Another year passes, my boy and my girl do not visit often. 

It has been so long that my light dulls and I am weathered by the ocean crashing into me. I rot and cry and strain against the sea. Still, they do not return. I curse the sun. 

The sun mocks me in my misery. 

Too long passes, the old man returns alone. I do not know where the woman has gone; he does not do our job, he only stares out at the water and cries. His tears mix with the salt of the ocean. Nobody joins him. 

He makes the same climb he has made a thousand times before but this time it's as if each step is more difficult than the last. The stairs cry and creak under his weight. He takes many breaks, looking out to the ocean, the bridge, where they met, past the horizon line, up at the billions of souls shining brightly. His knees buckle under the weight of his tears; I tried to reach out and help him. 

He pays no mind to my railing. He climbs over the rusting metal bars and looks down at the rocky shore below. The water has receded, as if knowing his tears were too much. The night sky calls to him, reflected by the ocean. The sun doesn’t stop him. 

The black abyss gains two new stars that week. They shine impossibly bright, right next to one another, never to be separated again. 

I stand alone.  

I continue to do my job. I warn the ships on their way.

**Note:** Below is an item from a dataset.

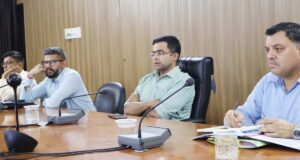 जिलाधिकारी की अध्यक्षता में हुई जिला गंगा संरक्षण समिति की बैठक।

I warn them against love and loss. I warn them against living. I warn them against dying. I warn them against caring. They hear none of this. My warnings, they assume, are just that the rocky shore is near. 

I keep my distance from anyone on the shore. I wait, endlessly, for the days to pass and the nights to come back where I can look out and stare at my boy and my girl. When no one is around, my light turns off just to see them, together, in their full shining glory.